For the listing below, print exactly the lines from the line with "Landschaft auf dem" to the line with "1504 Raleigh Road, Mamaroneck, NY 10543", both included, and nothing beyond them.

◇ ◇ ◇

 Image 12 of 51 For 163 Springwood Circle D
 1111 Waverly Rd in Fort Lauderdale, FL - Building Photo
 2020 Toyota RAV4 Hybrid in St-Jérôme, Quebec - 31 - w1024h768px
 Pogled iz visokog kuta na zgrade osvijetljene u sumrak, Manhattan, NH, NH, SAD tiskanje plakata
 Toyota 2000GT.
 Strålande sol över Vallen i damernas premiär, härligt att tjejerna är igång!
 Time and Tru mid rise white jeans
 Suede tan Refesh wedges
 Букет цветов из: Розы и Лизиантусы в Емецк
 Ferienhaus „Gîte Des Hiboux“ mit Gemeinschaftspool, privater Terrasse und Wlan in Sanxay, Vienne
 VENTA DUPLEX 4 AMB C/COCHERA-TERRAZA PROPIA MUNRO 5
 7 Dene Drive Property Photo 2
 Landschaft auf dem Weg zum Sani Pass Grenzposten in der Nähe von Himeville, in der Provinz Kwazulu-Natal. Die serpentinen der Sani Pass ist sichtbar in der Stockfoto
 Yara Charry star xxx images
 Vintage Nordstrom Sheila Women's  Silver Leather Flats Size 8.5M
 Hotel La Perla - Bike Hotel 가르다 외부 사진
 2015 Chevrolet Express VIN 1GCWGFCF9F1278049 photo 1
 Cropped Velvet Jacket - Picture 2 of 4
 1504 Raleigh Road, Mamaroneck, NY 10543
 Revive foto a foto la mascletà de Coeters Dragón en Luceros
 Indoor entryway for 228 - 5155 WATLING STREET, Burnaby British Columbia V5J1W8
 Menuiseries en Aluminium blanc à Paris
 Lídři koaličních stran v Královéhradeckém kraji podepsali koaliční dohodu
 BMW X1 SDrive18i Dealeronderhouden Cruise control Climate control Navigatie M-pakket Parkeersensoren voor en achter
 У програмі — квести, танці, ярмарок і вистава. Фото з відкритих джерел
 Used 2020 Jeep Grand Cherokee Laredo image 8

◇ ◇ ◇

- _Result of this task_:
 Landschaft auf dem Weg zum Sani Pass Grenzposten in der Nähe von Himeville, in der Provinz Kwazulu-Natal. Die serpentinen der Sani Pass ist sichtbar in der Stockfoto
 Yara Charry star xxx images
 Vintage Nordstrom Sheila Women's  Silver Leather Flats Size 8.5M
 Hotel La Perla - Bike Hotel 가르다 외부 사진
 2015 Chevrolet Express VIN 1GCWGFCF9F1278049 photo 1
 Cropped Velvet Jacket - Picture 2 of 4
 1504 Raleigh Road, Mamaroneck, NY 10543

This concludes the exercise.